What Should We Do With 'Lola' at Our Border?
View of the metal fence along the border between the Altar desert in Mexico and the Arizona desert in the United States, on March 25, 2017, in Sonora, northern Mexico. (Pedro Pardo/AFP/Getty Images)

By
Tuesday, 02 May 2017 12:45 PM Current | Bio | Archive

What are we going to do with the 15-year-old ganged-raped girl from El Salvador knocking at our border? When Attorney General Jeff Sessions triumphantly proclaimed that the immigration policy known as "catch and release" was history it pays to consider its implications.

What are we going to do with Lola?

She is fleeing for her life; her monstrous rapists took away her innocence, now we may take away her last chance on life. Mind you, catch and release was an abomination! For decades, those seeking asylum or another form of immigration status were released by border patrol ― to await their day in court.

Almost 98 percent of them never showed up in front of the judge.

Unfortunately, the constant flow of illegal immigrants, and the inability of the courts to expeditiously process and decide their cases, made “catch and release” a license to violate immigration laws with impunity. The wait got longer, the court backlogs got bigger, and the number of undocumented flooding the country got larger; detaining all of them was impractical ― a huge drain on the system ― and illegal, according the federal courts.

Now, the Trump administration is determined to put the immigration house in order. That is exactly what should have been done since the beginning of this century. Catch and release is done. Now, it’s “catch and deport.” Secretary Sessions’ memo implies that much.

But the nagging question remains: What are we going to do with Lola?

One of the unintended and tragic consequences of the “new status quo” is the fate of “Lola,” when she shows up at the U.S. border. How will she be treated? Will there be a disposition from our immigration system to hear that five monsters raped her repeatedly in her Salvadorian town; or care, that after endless days walking to get to Texas — “the promised land” ― the coyotes hired by her mother raped her again as “bonus pay.” Will my immigration guys care?
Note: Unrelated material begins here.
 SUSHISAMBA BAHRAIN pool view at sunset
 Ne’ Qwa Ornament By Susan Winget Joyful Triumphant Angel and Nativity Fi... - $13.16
We are the best country in the world. Yes, we have to care.

My concern is that Mr. Session's relentless pursuit of criminal illegal aliens ― in most cases justified ― will make it almost impossible for us to have any sympathy for Lola’s plight and that of more than 40,000 unaccompanied minors (under 17 years of age) looking for refuge in our country since 2014.

I understand we can't give shelter to every girl who has been brutally marked for life, but I believe Lola is our problem too, whether we like or not, because she lives in our back yard only three “doors” down the road. The justified anger and frustration of millions of Americans over our failed immigration policies will lead many to say, “Sorry, not my problem.”

The temptation will then be to turn her away after a rushed and superficial, pro forma — cover-your-butt ― review of her case.

But we can’t erase the distinction between one illegal alien and Lola. We can’t dump everyone seeking asylum into the same bin with the label:

“Expedite Removal.”

We can’t paint everyone with the same brush. Reuters published a story recently claiming that the Trump administration, from day one, targeted one specific immigrant group:

Women and unaccompanied children who had become the fastest growing demographic among illegal immigrants in the last 2 years.

Lola is in that group.

Most Americans are woefully ignorant of what is going on in Central America — a hotbed of violence and crime. Take El Salvador where Lola was born. It has the highest homicide rate in the world. There were more than 6,000 killings in 2015. That is almost 116 homicides per 100,000.

Just compare it to St. Louis, the murder capital of America; there were 59 murders per 100,000.

Take another of our backyard neighbors: Honduras, 90.4 homicides per 100,000 people.

The average world-wide is 6.2 per 100,000. Has due process for illegal immigrants become a low priority?

That's all what Lola needs: to have her case heard, and heard well.

To send her back home to the same conditions she was fleeing from... is to condemn her to being consumed alive… literally, in a living hell. The United States of America is still the moral compass of the world… the city upon a hill.

A nation whose greatness is not measured by the might of its guns, but by the way it treats the most vulnerable. If we send Lola back, we will have we lost our soul, and our presumption of being exceptional among the nations will be an empty boast.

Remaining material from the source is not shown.